Aslında 15 Ağustosu
bekliyordum yazımı yayınlamak için. Seneyi devriyesinde bloguma geri dönüş
yapayım istedim. Çok uzun bir zaman ara verdim, biliyorum. Nedenler, niçinler hep havada
ama sonuçta Rus klasik müziğine olan sevgim baki merak etmeyin. Sadece başka
girişimlerde bulundum o kadar.
Bu dönemde Liszt’e
taktım inanır mısınız? Hani Macar ünlü piyanist, besteci. Nedenini sorarsanız……
Rus klasik müziğinin ilk gelişim yıllarına
baktığınız zaman Glinka ile Liszt tanışıklığı karşınıza çıkar. Zamanın virtüöz
piyanisti Liszt, tam Glinka’nın eseri Ruslan ve Ludmila’nın gösterimi döneminde
St. Petersburg’a gelir. Bir konser verir. Konserinin sonunda da seyircilere
çalması istenilen parçalar var ise, yazıp kendisine gönderebileceklerini
söyler. Glinka reklamın iyisi kötüsü olmaz der ve hemen operasının iki önemli
temasını yazarak Liszt’e gönderir. Tabii virtüöz inanılmaz bir yorumla temaları
çalar. Bu durumda Glinka geri kalır mı? Akşam teşekkür amaçlı Liszt’in onuruna
hemen bir parti düzenler. Parti o kadar Rus olmalıdır ki, Liszt şaşırmalıdır.
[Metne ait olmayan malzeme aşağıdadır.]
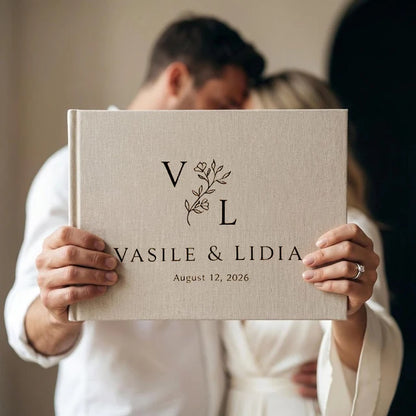 Guestbook Linen
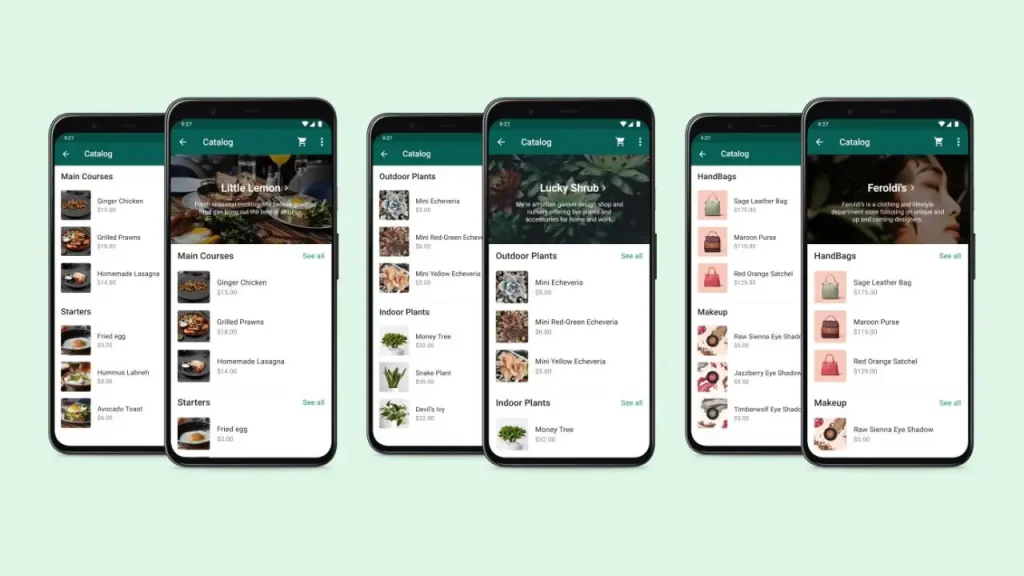 How to use WhatsApp for Business Growth: Step-by-Step Guide 7 Use WhatsApp Product Catalog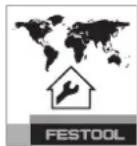 FESTOOL ESETS 125 REQPlus - Risk för personskador, elstötar - 1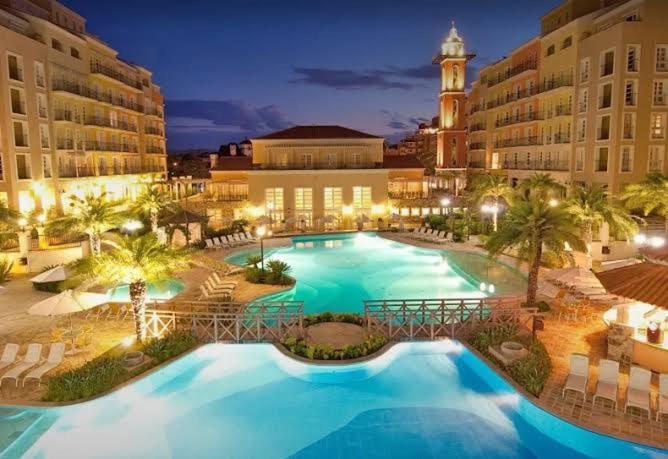 Apartamento Il Campanario - Vista A Piscina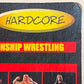 ECW Champion Clashers Rhino Action Figure SIGNED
Hazırlanan sürpriz Liszt’in salona girmesi ile hayranları tarafından havaya
fırlatılıp, yakalanmasıdır. Liszt bu Rusya hatırasını kesin unutmamıştır.
Bu bir hikaye
olduğu için dikkatimi çok çekmemişti. Sonuçta o dönemde önemli bestecilerin
kimler olduğu ve birbirleri ile tanışmalarının garip olmadığı ortada.
Ancak daha sonra
Borodin ile tanışıklıkları dikkatimi çekti. 1877 senesinde Borodin’in Almanya
ziyareti sırasında tanışan ikilinin arkadaşlıkları Borodin’e pek faydalı olur.
Liszt’in desteği ile I.Senfonisini Almanya’da sergiler. Orta Asya Steplerinde
eserinin hatta Liszt’e ithaf eder. Borodin ile Liszt’in en son görüşmeleri ise
Liszt’in Weimar’daki evinde gerçekleşir.
Peki bilin
bakalım, Liszt neden Weimar’dadır? Rus düşes Maria Pavlovna tarafından davet
edilmiştir. Weimar Dük’ü ile evli olan Rus düşes o kadar Liszt hayranıdır ki,
kendisine verdiği görev ile 1842-1861 yılları arasında Weimar’da Liszt’i
misafir eder.
Alın size bir Rus
– Liszt hikayesi daha: 1844 senesinde Kiev’de tanıştığı çarın yardımcısının
karısı Prenses Carolyn Sayn-Wittgenstein ile birlikteliği başlar ve uzun
seneler sürer.
Aşk hayatı, iş hayatı hep Ruslar ile
çevrili olan Liszt’in son Rus bağlantısını da Sezar Küi’den anlatayım o zaman.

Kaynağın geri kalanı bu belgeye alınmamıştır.